═══ Material for this exercise ═══

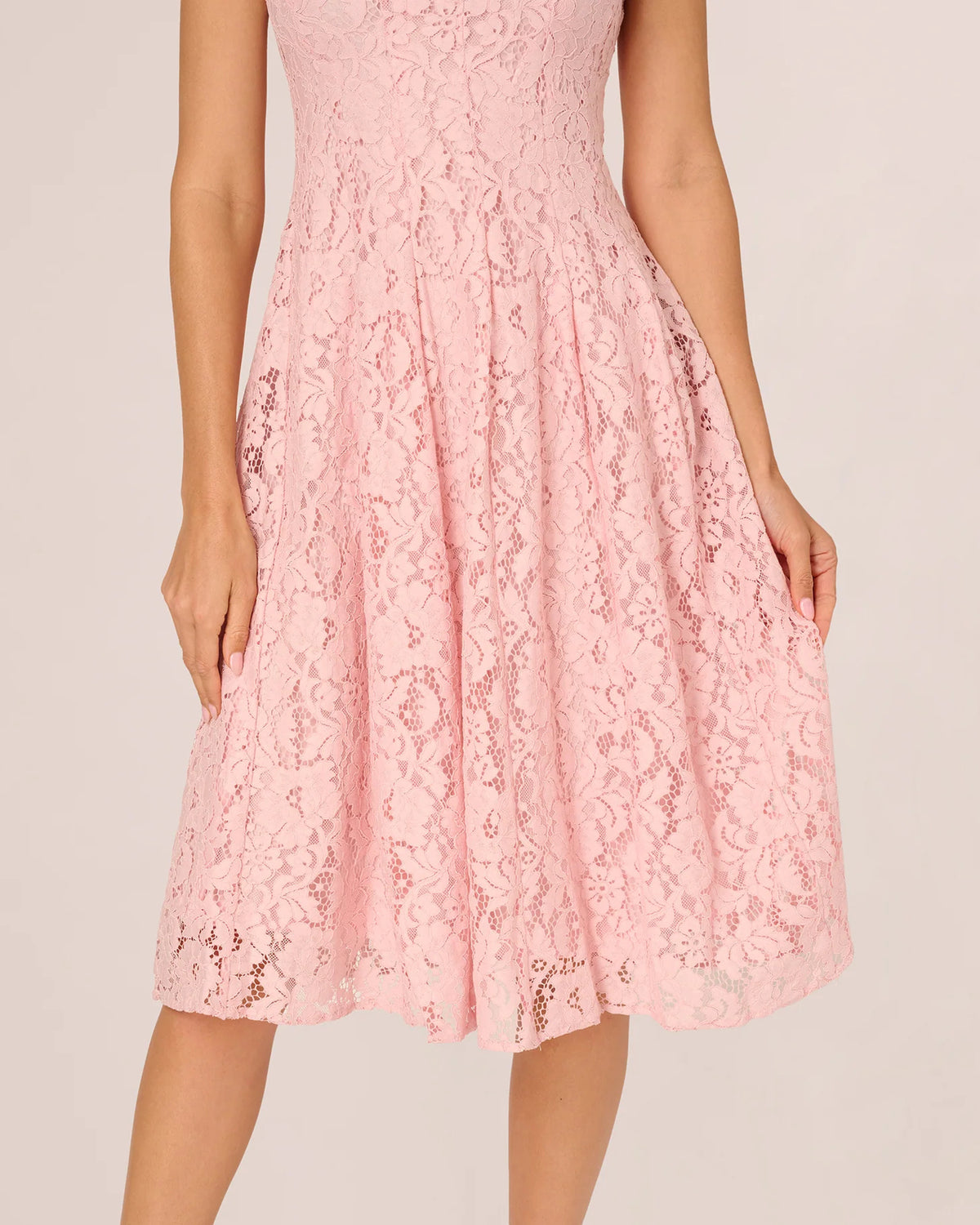 cap-sleeve a-line midi mother of the bride dress - image 4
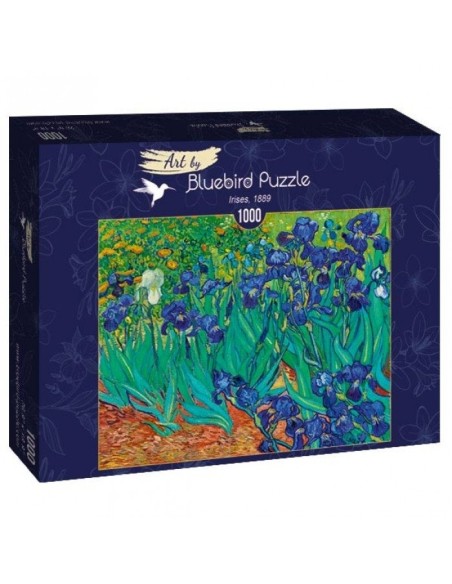 Puzzle 1000 Irysy Vincent van Gogh Malarstwo bluebird puzzle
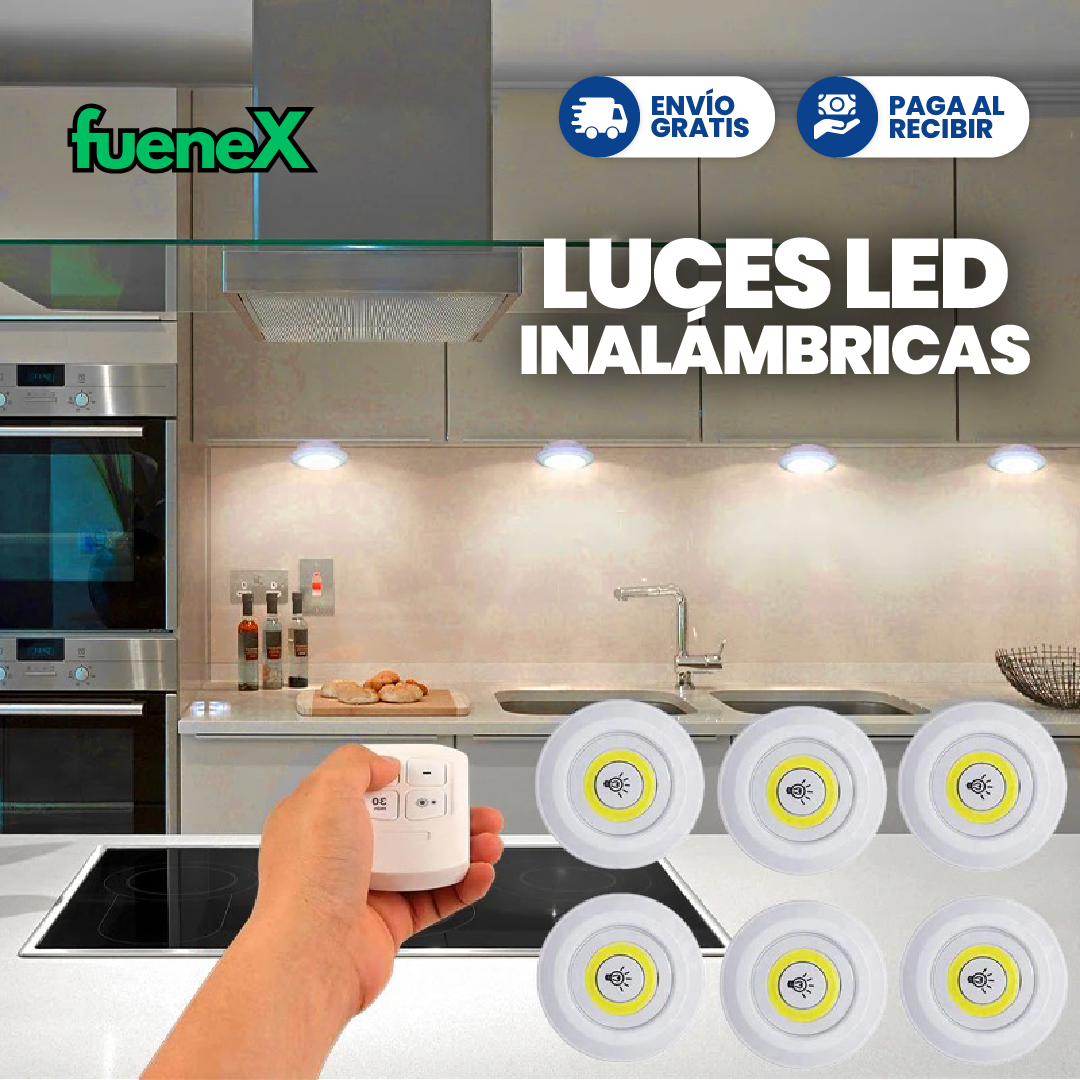 LUZ LED INALÁMBRICA CON CONTROL REMOTO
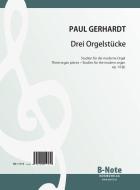Three organ pieces - Studies for modern organ op.14 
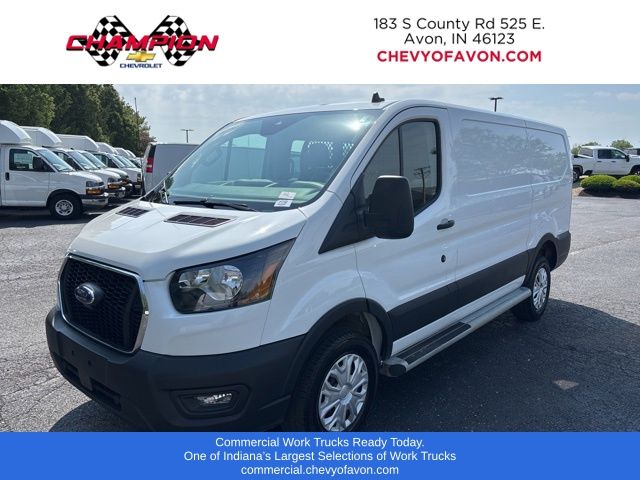 Oxford White 2024 Ford Transit Cargo Van Rear-Wheel Drive 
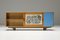 Modernist Sideboard with Perignem Ceramic & Macassar Details by Alfred Hendrickx, 1950s 4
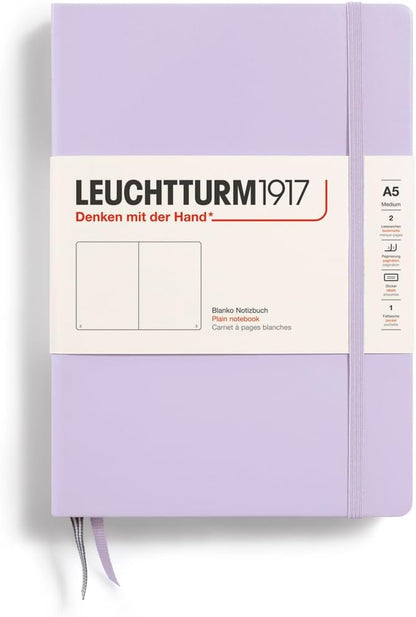 LEUCHTTURM1917 - Notebook Hardcover Medium A5-251 Numbered Pages for Writing and Journaling (Navy, Ruled)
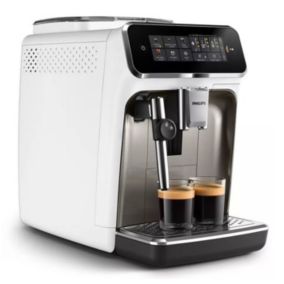 Robot café 15 bars chrome blanc Philips EP3323/90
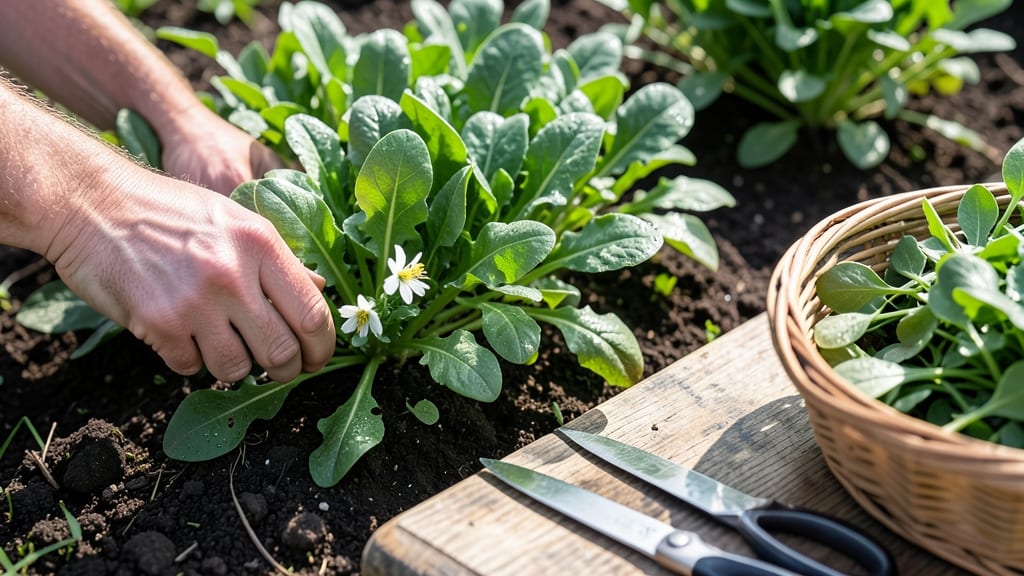 How to Harvest Arugula So It Keeps Growing: Cut-and-Come-Again Method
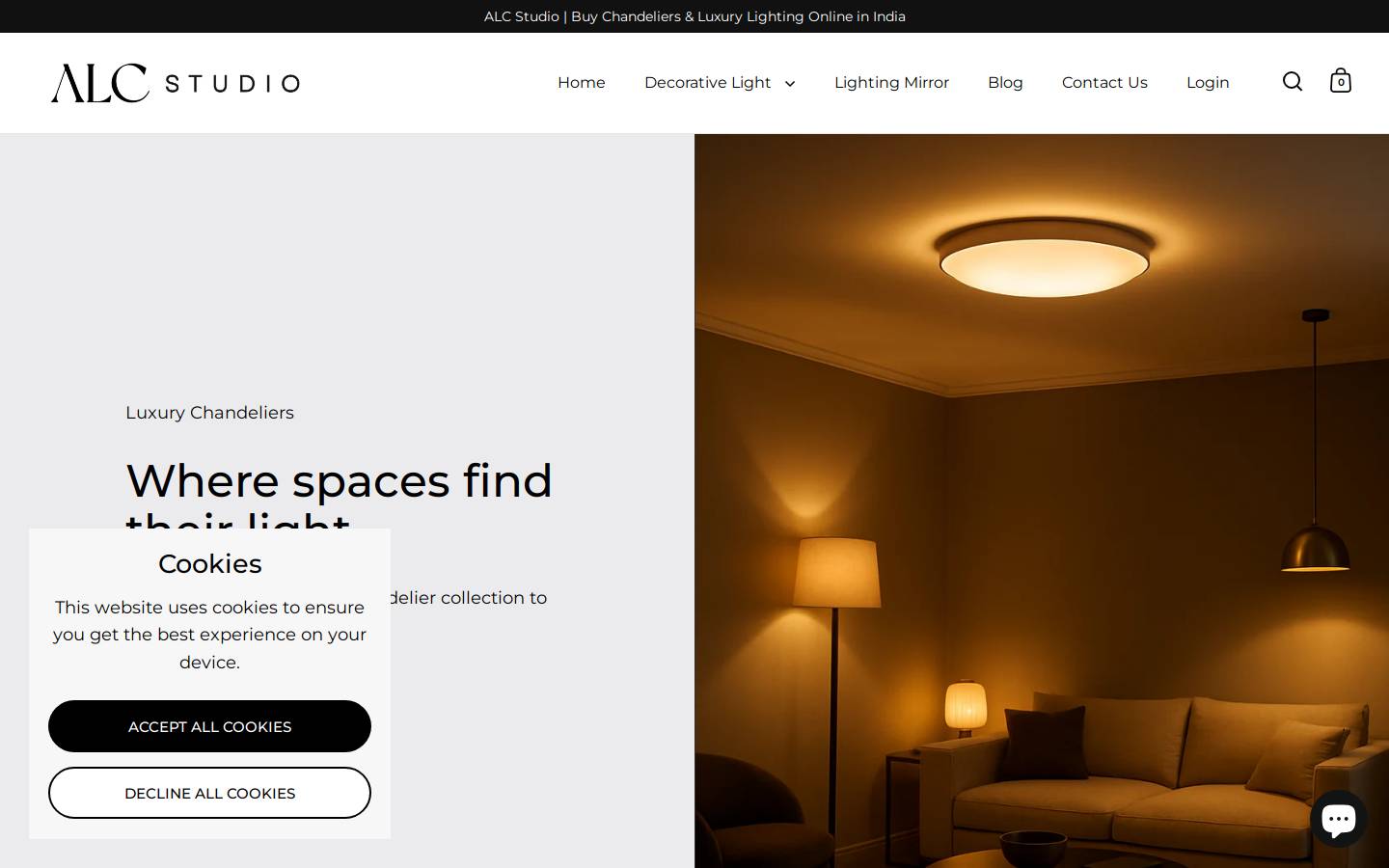 alc.studio homepage screenshot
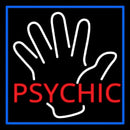 Red Psychic With Palm Handmade Art Neon Sign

═══

What is being asked: Exact copy, no pictures: reproduce every record above.

Task response:
 cap-sleeve a-line midi mother of the bride dress - image 4
 Puzzle 1000 Irysy Vincent van Gogh Malarstwo bluebird puzzle
 LUZ LED INALÁMBRICA CON CONTROL REMOTO
Three organ pieces - Studies for modern organ op.14 
 Oxford White 2024 Ford Transit Cargo Van Rear-Wheel Drive 
 Modernist Sideboard with Perignem Ceramic & Macassar Details by Alfred Hendrickx, 1950s 4
 LEUCHTTURM1917 - Notebook Hardcover Medium A5-251 Numbered Pages for Writing and Journaling (Navy, Ruled)
 Robot café 15 bars chrome blanc Philips EP3323/90
 How to Harvest Arugula So It Keeps Growing: Cut-and-Come-Again Method
 alc.studio homepage screenshot
 Red Psychic With Palm Handmade Art Neon Sign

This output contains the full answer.